7th June, 2002 13:00:24 -0400 (Reuters Health)
By Jacqueline Stenson
NEW YORK (Reuters Health) - In a finding that could one day lead to new treatments for paralysis, stroke and other neurological disorders, researchers say they have gained new insight into why nerve cells of the brain and spinal cord do not repair themselves after injury.
In a series of laboratory experiments with rats, the investigators found that nerve cells, or neurons, of the brain and spine lost their ability to regenerate around the time the animals were born.
The brain and spine together are called the central nervous system. Nerves in the rest of the body are known as the peripheral nervous system. While peripheral neurons can regenerate, central nervous system neurons cannot.
"The embryonic (neurons) grew like gangbusters, but postnatal (just after birth) and adult neurons grew 10 times slower," said study author Dr. Ben A. Barres, a neurobiologist at Stanford Medical School in California.
Neurons are made up of a large cell body with an elongated "arm" called an axon that sends messages to other cells. The cells also have many branches known as dendrites that receive messages from other neurons. Nerve damage from injury or disease usually involves destruction of the axon, which then does not regenerate.
It's been known that a type of cell known as a glial cell in the central nervous system can inhibit the repair of damaged axons, and therapeutic efforts have been targeting this process.
But when the investigators separated glial cells from the neurons in the lab, they found that damaged adult neurons still lost their ability to properly regenerate, suggesting another mechanism was at play, according to the report in the June 7th issue of Science. The research involved neurons in the retina of the eye, a common model for studies of regeneration of the central nervous system.
With further experiments, the researchers found that amacrine cells--a type of nerve cell known as an interneuron--that are produced in the maturing retina around the time of birth appeared to trigger neurons to switch permanently from an axon-producing mode to a dendrite-producing mode.
The next step is to determine whether other interneurons elsewhere in the central nervous system have a similar affect on neurons in those areas, said Barres.
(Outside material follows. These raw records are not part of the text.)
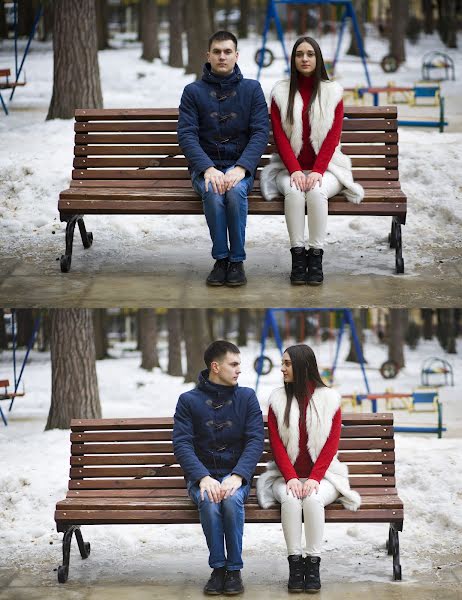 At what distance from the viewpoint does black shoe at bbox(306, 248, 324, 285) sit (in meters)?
8.63

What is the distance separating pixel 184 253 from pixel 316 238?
5.40 ft

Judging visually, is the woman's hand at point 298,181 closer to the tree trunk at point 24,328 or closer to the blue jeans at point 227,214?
the blue jeans at point 227,214

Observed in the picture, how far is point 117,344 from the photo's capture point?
99.9 feet

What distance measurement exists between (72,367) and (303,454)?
5585mm

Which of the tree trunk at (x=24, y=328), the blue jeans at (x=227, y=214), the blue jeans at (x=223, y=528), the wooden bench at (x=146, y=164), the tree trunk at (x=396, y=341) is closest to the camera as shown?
the blue jeans at (x=223, y=528)

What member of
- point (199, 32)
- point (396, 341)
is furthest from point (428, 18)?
point (199, 32)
"With this finding, these investigators provide evidence that the poor growth of adult (central nervous system) axons is not simply a consequence of the local environment, but is a property acquired during development," Lisa McKerracher and Benjamin Ellezam of the University of Montreal in Quebec, Canada write in an editorial accompanying the study.
The findings offer hope that researchers may one day develop new treatments based on this process, they add.
"The challenge now will be to discover the signals that switch neurons back to the axon-growth mode," the editorialists write. The new work "suggests that a better understanding of the developmental switch from axonal to dendritic growth may hold the key to regeneration in the (central nervous system)," McKerracher and Ellezam point out.
"Not only are the central nervous system glial cells different from the peripheral nervous system glial cells, but the neurons are different too," Barres told Reuters Heath. "So we're going to have to address both aspects of this to help patients."